● WHAT IS REQUIRED:
Please write out the full listing beneath this line exactly, skipping its images.

● EXTRACTED MATERIAL:

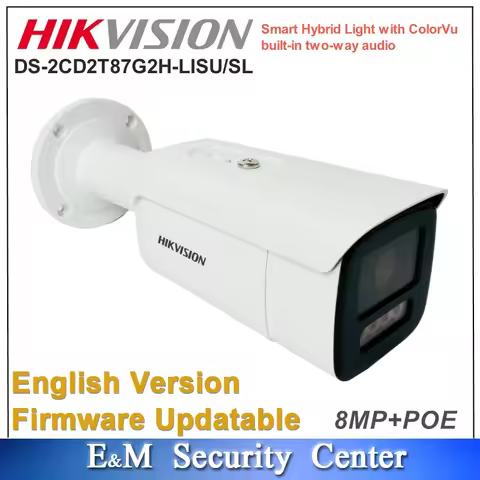 Original Hikvision DS-2CD2T87G2H-LISU/SL 8MP ColorVu Strobe Light and Audible Warning Fixed Bullet N
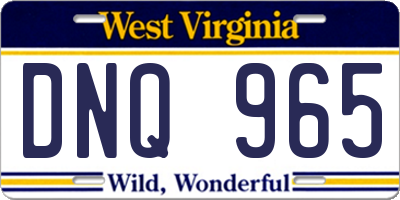 WV license plate DNQ965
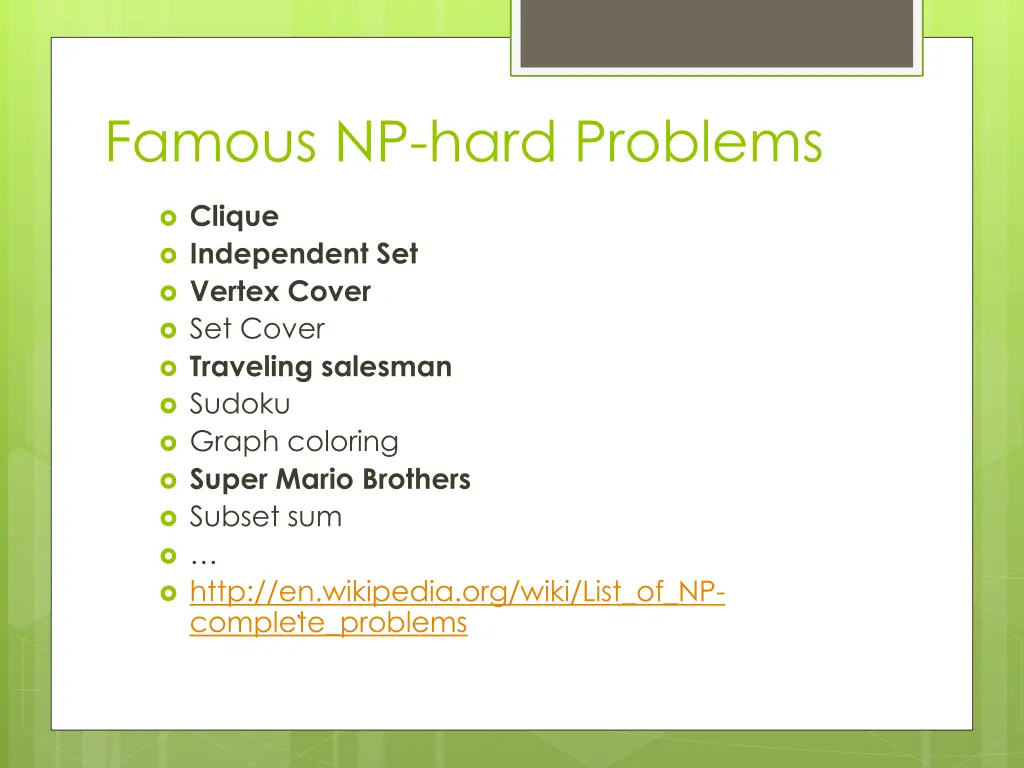 famous np hard problems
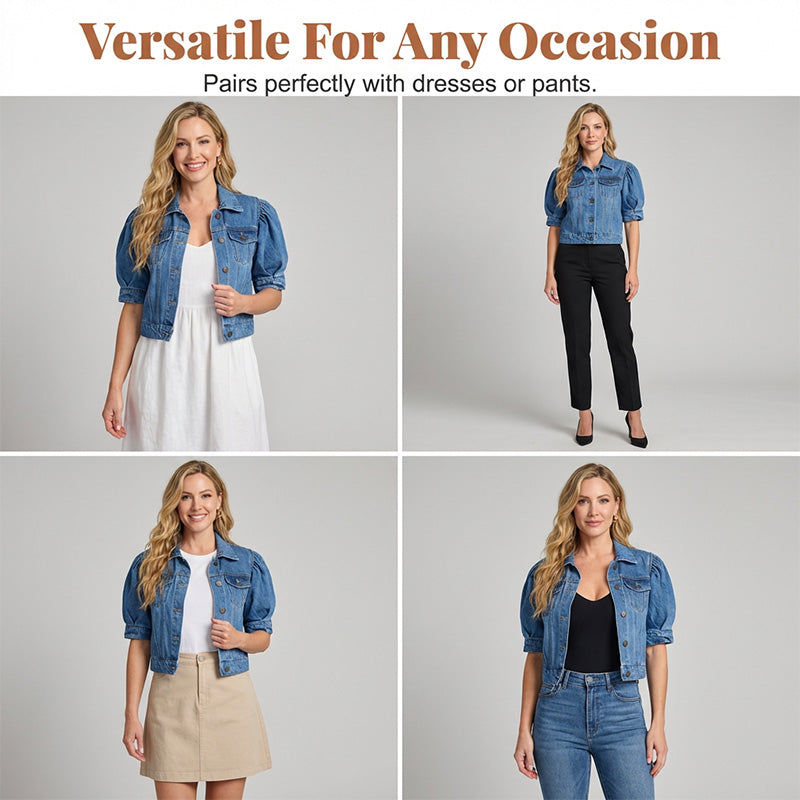 🧥 49% OFF NOW! ✨Women's Puff Short Sleeve Cropped Denim Jacket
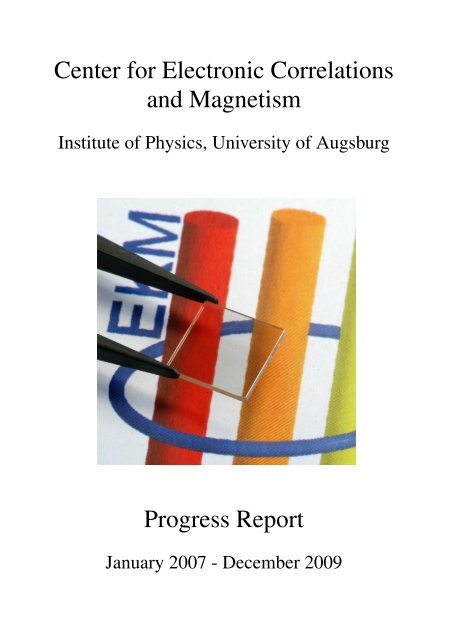 EKM Progress Report 2007 - 2009 (40MB) - Institut für Physik ...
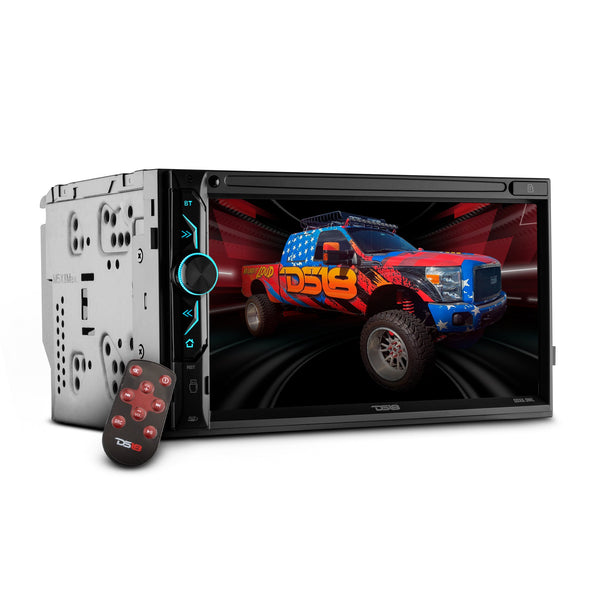 6.9" Touchscreen Double-DIN Headunit with DVD, Bluetooth, USB and Mirror Link.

● SOLUTION TO THIS TASK:
 Original Hikvision DS-2CD2T87G2H-LISU/SL 8MP ColorVu Strobe Light and Audible Warning Fixed Bullet N
 WV license plate DNQ965
 famous np hard problems
 🧥 49% OFF NOW! ✨Women's Puff Short Sleeve Cropped Denim Jacket
 EKM Progress Report 2007 - 2009 (40MB) - Institut für Physik ...
 6.9" Touchscreen Double-DIN Headunit with DVD, Bluetooth, USB and Mirror Link.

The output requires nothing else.